Mode Depesche #5 | A Day In Dildo

The recently released issue #5 of Mode Depesche by Heimat is all about Hysterie.
I’ve written a text about my visit to Dildo. A little town on Newfoundland’s coast.

Hitchhiking to Dildo

My own personal hysteria most often starts with a crazy itch in my stomach. Sometimes I can satisfy the urge for excitement by shoving two or three jumbo hot dogs down my grubby throat. Other times the pull towards hysteria is so strong that a little snack won’t help. That’s when I feel I have to cause a joyful explosion. And this got me wondering, where does this thing called hysteria come from? What does it mean?

I found this entry in the Online Etymology Dictionary:
Hysterical: from Latin hystericus “of the womb,” from Greek hysterikos “of the womb, suffering in the womb,” from hystera “womb” (see uterus). The ancient Greeks thought that excessive emotionality in women was caused by a displaced uterus and sexual discontent.

I was not surprised: we woman are always to blame.
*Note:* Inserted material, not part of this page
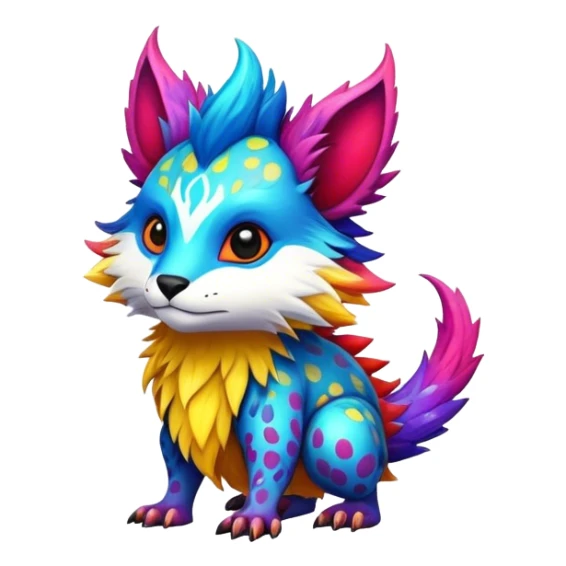 a colorful edgy cute vernid-fionbri-creature with splash patterns full body  sticker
But being hysterical isn’t like that at all for me. I think it’s the ultimate: it means spreading joy to the people far and wide, like the best form of entertainment. When my own personal hysteria is strong, I feel like an ambassador of joy. Yes: Joy to the World, that’s the mission.

On vacation in Newfoundland, I got that crazy belly itch, again. They have all these wonderful names for towns and bays on the island, including Virgin Arm, Heart’s Delight, Conception Bay. But the one name that really got me going was Dildo. I sort of hyped myself up into a frenzy over it. Maybe it was Dildo Fever, Dildo Hysteria.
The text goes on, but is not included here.